A full hour's work-out is priced at 200 baht. The average masseur gets about 2 customers a day, and if he trawls the gay beach six days a week, he can make something like 9,000 baht a month (US$225 at today's exchange rate) net of direct costs. In Thailand, that is quite a good income.
In addition, masseurs can supplement that with some "overtime" work. Almost always, they pitch for this extra job at the halfway point of the one-hour massage, when the customer is fully relaxed and immersed enjoyably in the kneading from strong hands -- in other words, when his resistance is at its lowest. The masseur then asks him, in a whisper, whether he will consider another massage later on in the evening, "in your room". What is this? From what I've heard -- honestly, I've never tried it! -- this entails him coming to your hotel room at an appointed time, and gives you another session, with the delightful difference that this time, you're nude and he's nude. After the massage, what naturally follows, follows. For this, he earns 700 to 1,000 baht, (so I'm told) which is quite a bonus compared to the 200 baht for a beach massage.
It doesn't matter if the masseur is homosexual or not, and many of them are not -- they're all quite ready to do it.
Wichai said he was gay. At first, I wasn't sure if he was telling the truth, so on a second occasion, I asked him how many women clients he had had in the month working at Jomtien beach. (I've occasionally seen male masseurs do straight men and straight women too; they don't only do gay men.) Wichai said none. Why none? "I don't want, don't like. I don't ask them," was his reply. That to me was consistent with his earlier avowal that he was gay.
This made me wonder: was it money that lured Wichai to Pattaya, or was it more to do with the prospects for sex? This wasn't a question I could ask him, at least not until we got to know each other better, which was not possible in the short time of this trip. In any case, Wichai was Sam's masseur, not mine.

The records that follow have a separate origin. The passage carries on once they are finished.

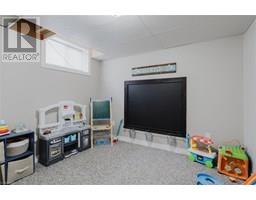 1199 LAKESHORE Road - 24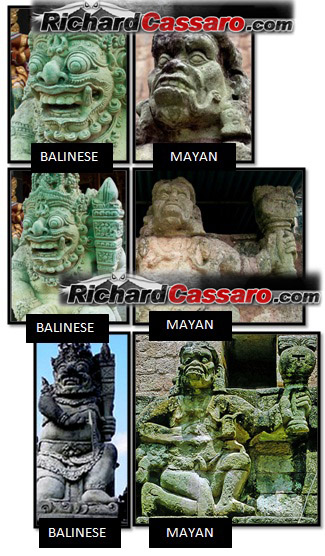 Balinese-Mayan-Gods-Howler-Monkey-God-Mayan.jpg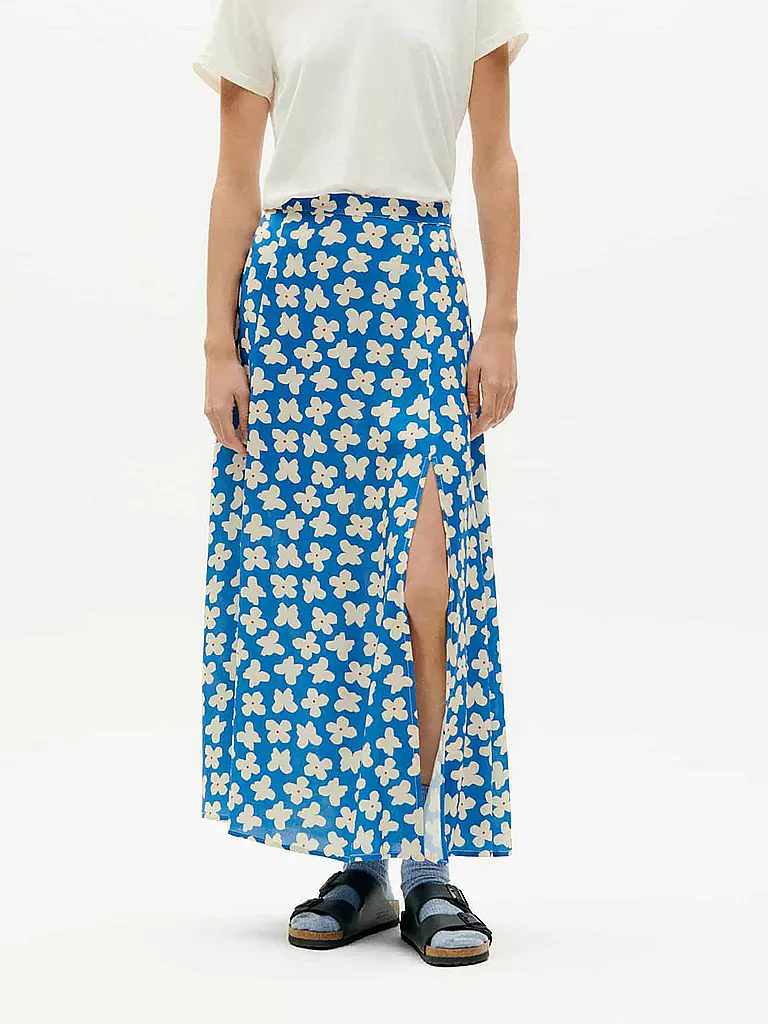 THINKING MU Midirock TORA blau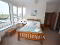 Photo 9 of Holiday Let, 6 Station Road, Portstewart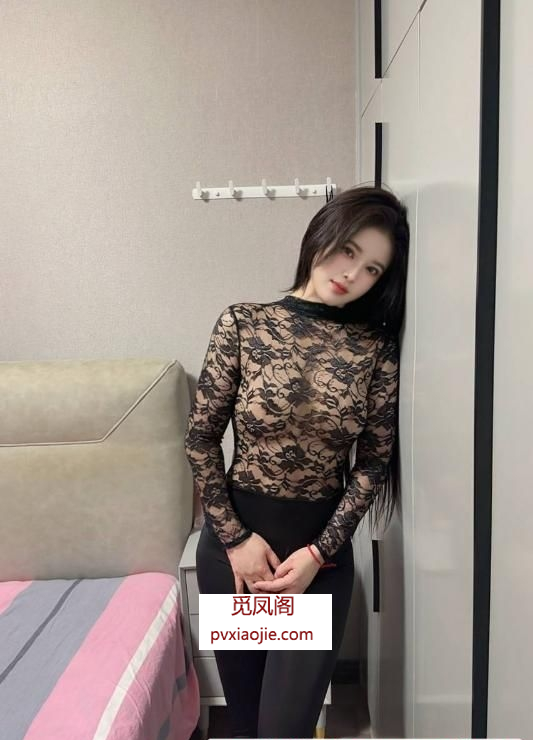 上城丰满翘臀雅琪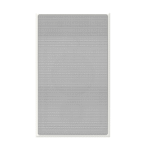 Enceinte encastrable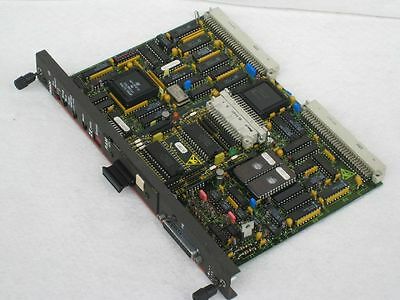 Bosch P600 041363
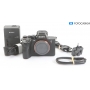 Sony Alpha 7R V Spiegellose Systemkamera (287820)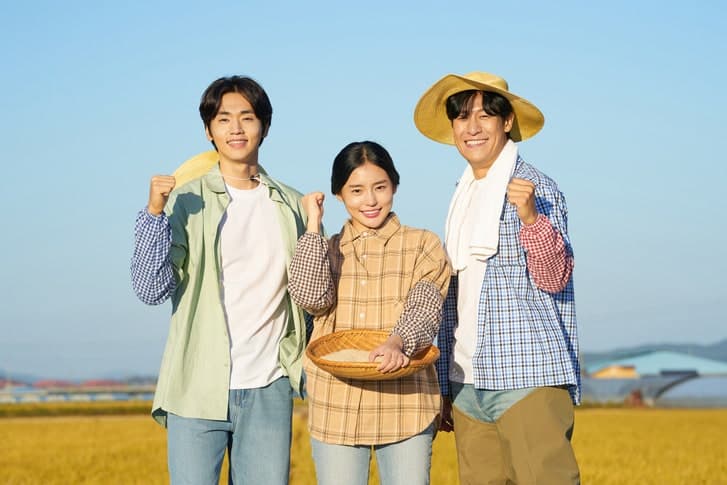 농촌 정착의 열쇠는 일자리…청년 93% '경제적 기회'가 정착 이유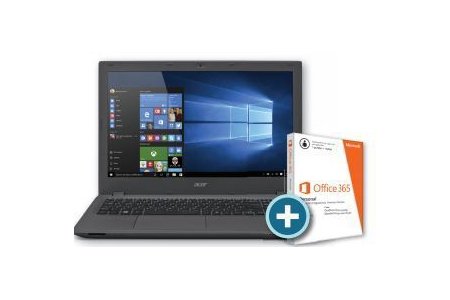 acer 15 6 en quot notebook aspire e5 573 39wd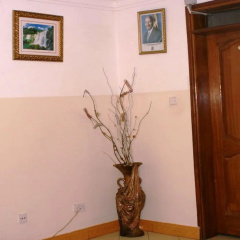 Marphie Hotel thumbnail 11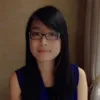 Joanne Gao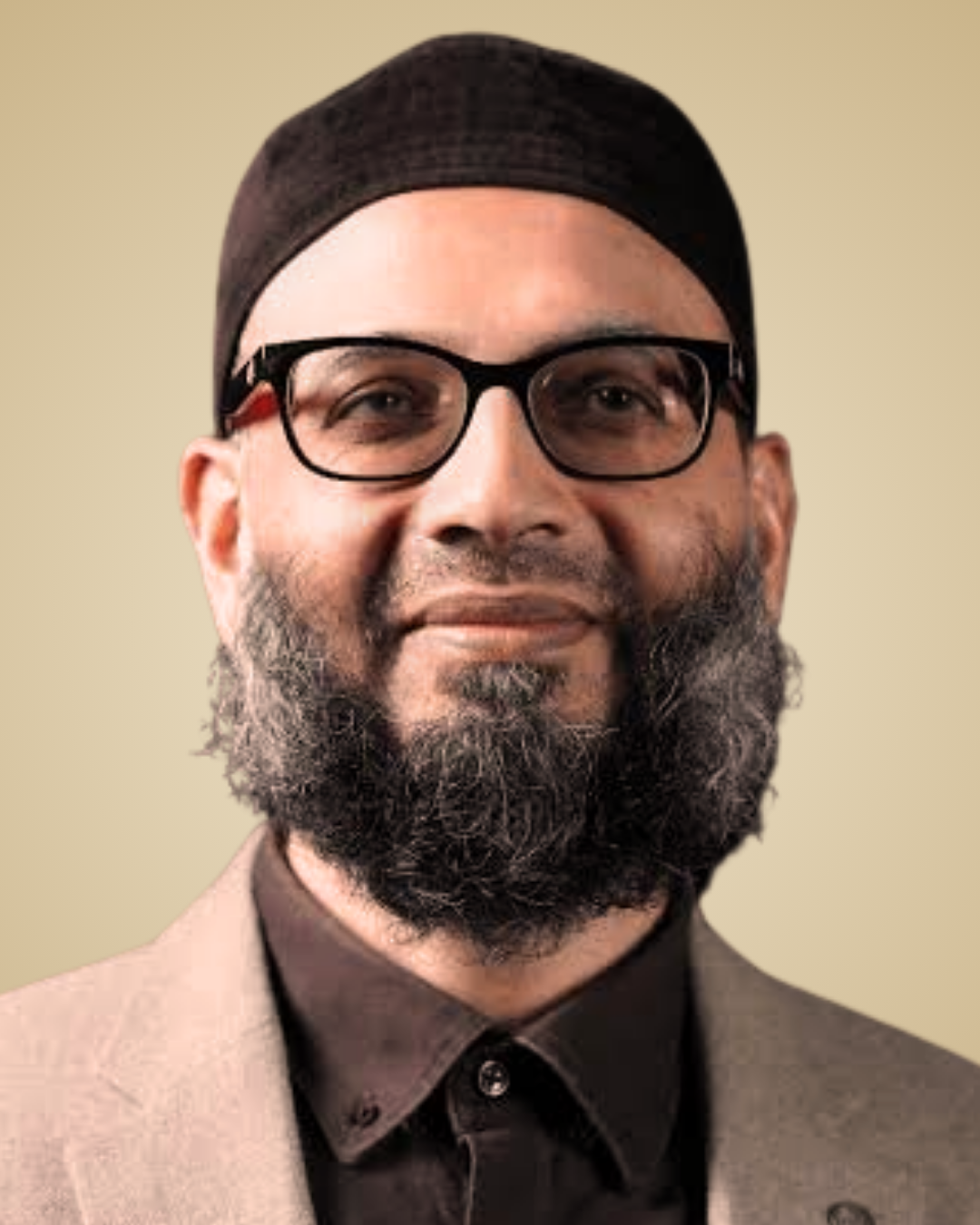 Placeholder Image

Sam rather liked Wichai, who was medium-built and slightly muscular, with hair on his legs and forearms. Hair turns Sam on. Or maybe it was Wichai's personality that did it: he was soft-spoken, a bit receding, one might say. But when he flashed his smile, it looked the sincerest, warmest smile you'd seen in days. At any rate, on the second day, Sam accepted the offer of a follow-up massage in the room. It was our last evening in Pattaya, and it was perfectly understandable to me if Sam just had to sample all the pleasures before we left.
Since it was already 4 p.m., Wichai agreed to follow Sam back to his hotel, rather than come over later. But as Sam and I were getting dressed and packing up to go, Wichai said he needed to make a phone call -- or so I understood -- and that he would go ahead first, and wait for us near the phone booth. It didn't unsettle me that I had no idea where exactly the phones were. As there was only one main gate out of the Jomtien beach, virtually everybody entered and left by that one gate. I could confidently assume that Wichai would be waiting for us somewhere there, where there were cafés, shops, showers and presumably, phones. As for Sam, this was his first trip to Pattaya, and he just trusted me to know where to find Wichai and the phone booth.
Fifteen minutes later, Sam and I were less than a hundred metres from, and walking towards the gate. I felt it might be helpful to share some of my thoughts with Sam before we caught up with Wichai.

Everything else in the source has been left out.